UNITED STATES COURT OF APPEALS FOR THE SECOND CIRCUIT
May 22, 1986
STUART STEIN, PLAINTIFF-APPELLEE,
THE BOARD OF THE CITY OF NEW YORK, BUREAU OF PUPIL TRANSPORTATION, A.C.J. TRANSPORTATION CORP., ANTHONY DIDOMENICO, AND LEONARD A. DAVID, DEFENDANTS, THE BOARD OF EDUCATION OF THE CITY OF NEW YORK, LEONARD A. DAVID, DEFENDANTS-APPELLANTS
The Board of Education and Leonard David appeal from judgment entered by United States District Court for the Eastern District of New York (Eugene Nickerson, Judge), after a jury verdict finding a violation of Stein's procedural due process rights. Reversed and remanded.
Before: FEINBERG, Chief Judge, KAUFMAN and OAKES, Circuit Judges.
KAUFMAN, Circuit Judge:
Stuart Stein was employed as a bus driver by A.C.J. Transportation, Inc. ("ACJ") from 1979 to 1982. The exclusive business of ACJ was to provide bus transportation for handicapped children as directed by the New York City Board of Education.
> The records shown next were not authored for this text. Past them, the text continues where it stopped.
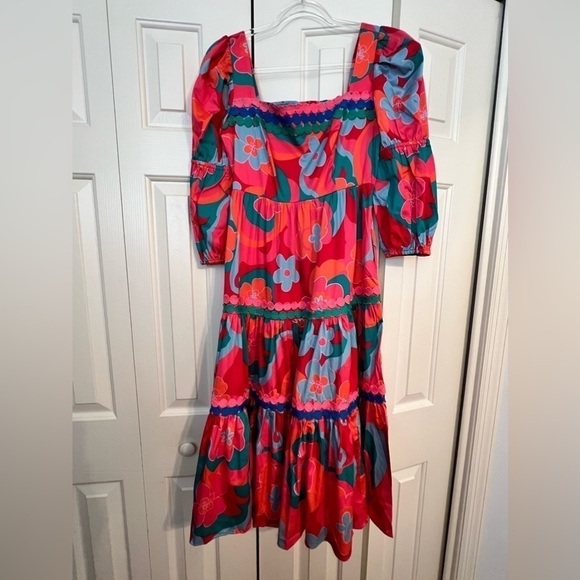 Floral Puff Sleeve Midi Dress - Picture 10 of 15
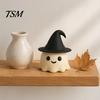 Compact Tabletop Displays for Entrances Halloween Ghost Ornament, with Wizard Hat, 3D Printed Cute Figurines, Figurines Hat Matte Desktop Statues,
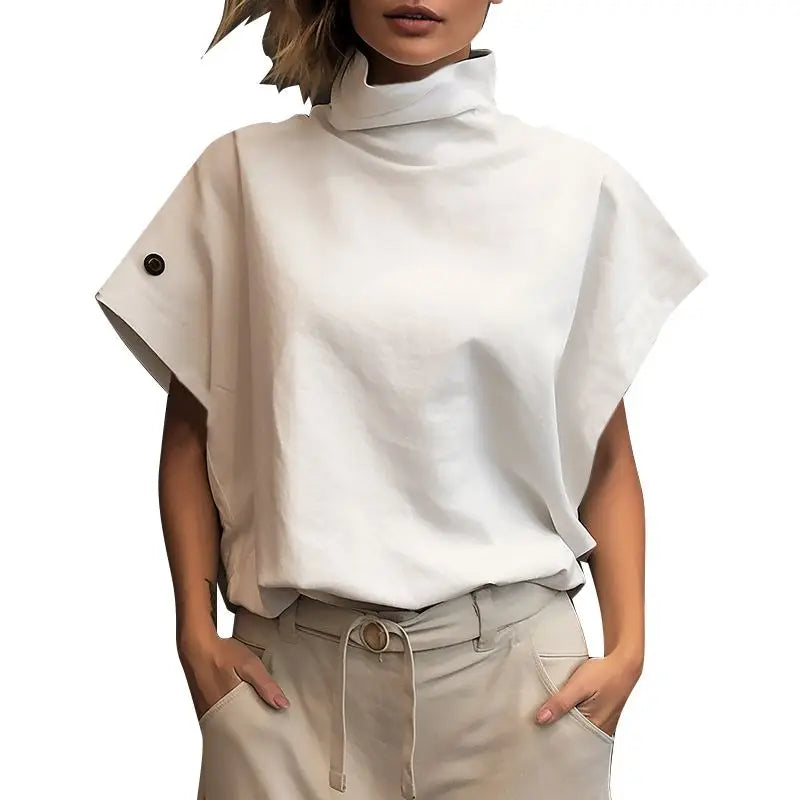Women Fashion OL Work Shirt 2024 ZANZEA Summer Elegant Turtleneck Short Sleeve Blouse Casual Loose Office Tops Party Blusas - Matrix-studios.com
By the terms of his written contract with ACJ, Stein could not be discharged from his employment except for just cause. A written agreement between ACJ and the Board of Education, however, provided that ACJ "shall only employ persons of good moral character to serve as vehicle operators." Certification that a vehicle operator had received appropriate training was a prerequisite to a driver operating on a Board of Education route. The agreement further provided that, after determination by the Director of the Bureau of Pupil Transportation that a driver's competency "falls below acceptable standards ... [ACJ], upon receiving written notice from the Director to that effect, shall not again employ this operator on any part of the work to be performed hereunder, or on any part of the work the contractor may perform for the Board of Education under any other contract."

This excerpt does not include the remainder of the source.